▶ _The problem_
Each line, starting at the one with "Thoughtful young boy" and running to the end of the data below, is to be set down again exactly, both ends included; leave pictures out.

▶ _Information supplied_

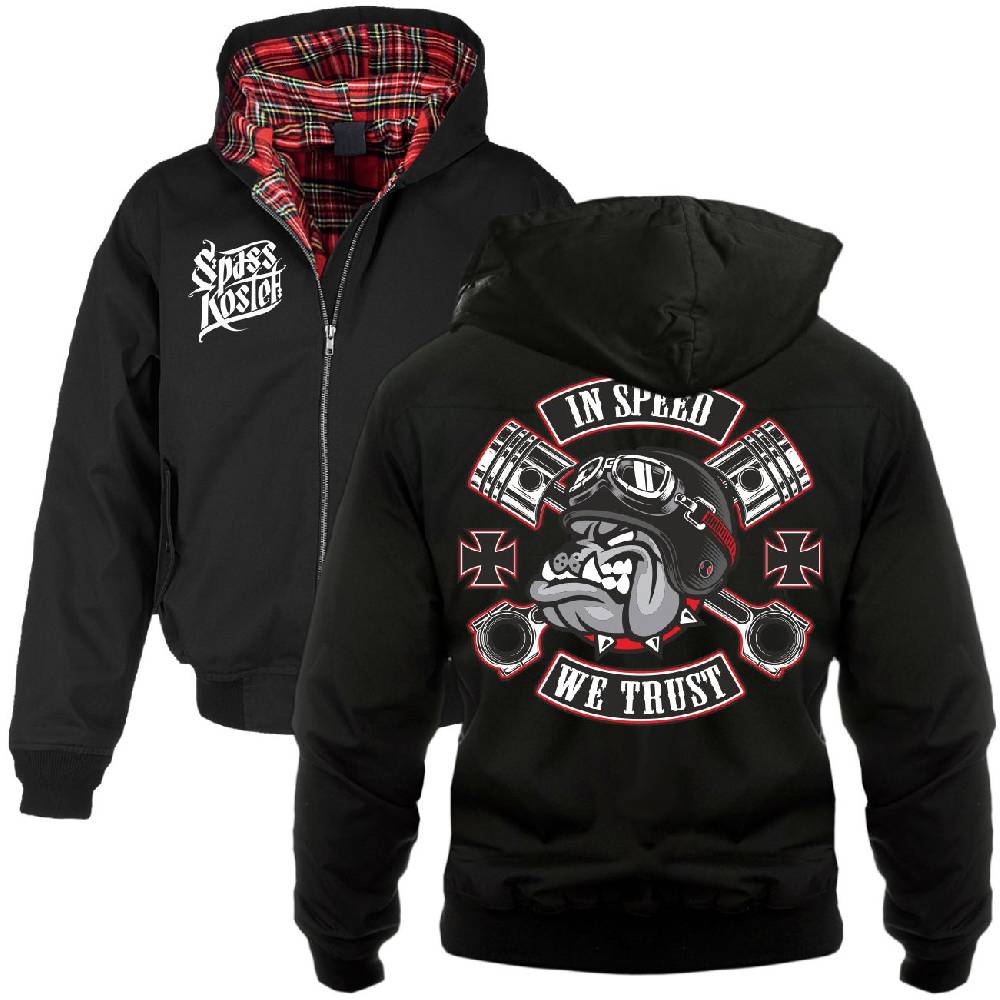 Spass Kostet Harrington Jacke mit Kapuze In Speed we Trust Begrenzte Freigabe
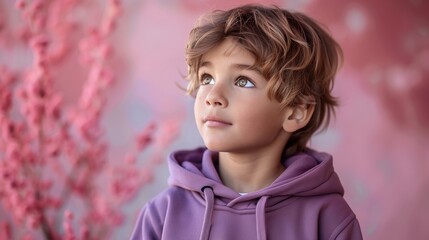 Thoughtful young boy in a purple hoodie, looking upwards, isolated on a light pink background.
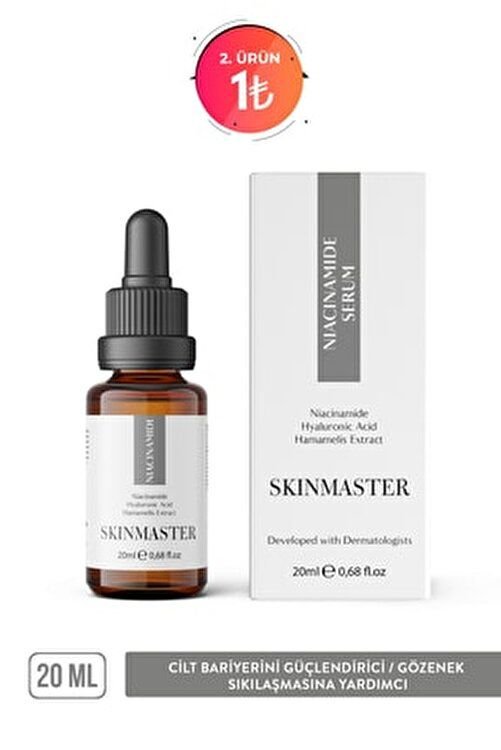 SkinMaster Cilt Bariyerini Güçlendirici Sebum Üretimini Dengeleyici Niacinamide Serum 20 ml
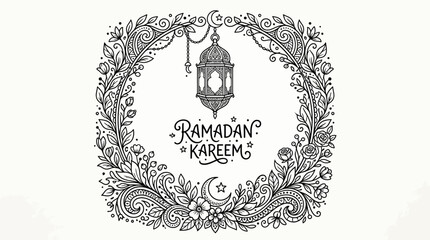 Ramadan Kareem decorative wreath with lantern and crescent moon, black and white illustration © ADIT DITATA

▶ _Output for this exercise_
 Thoughtful young boy in a purple hoodie, looking upwards, isolated on a light pink background.
 SkinMaster Cilt Bariyerini Güçlendirici Sebum Üretimini Dengeleyici Niacinamide Serum 20 ml
 Ramadan Kareem decorative wreath with lantern and crescent moon, black and white illustration © ADIT DITATA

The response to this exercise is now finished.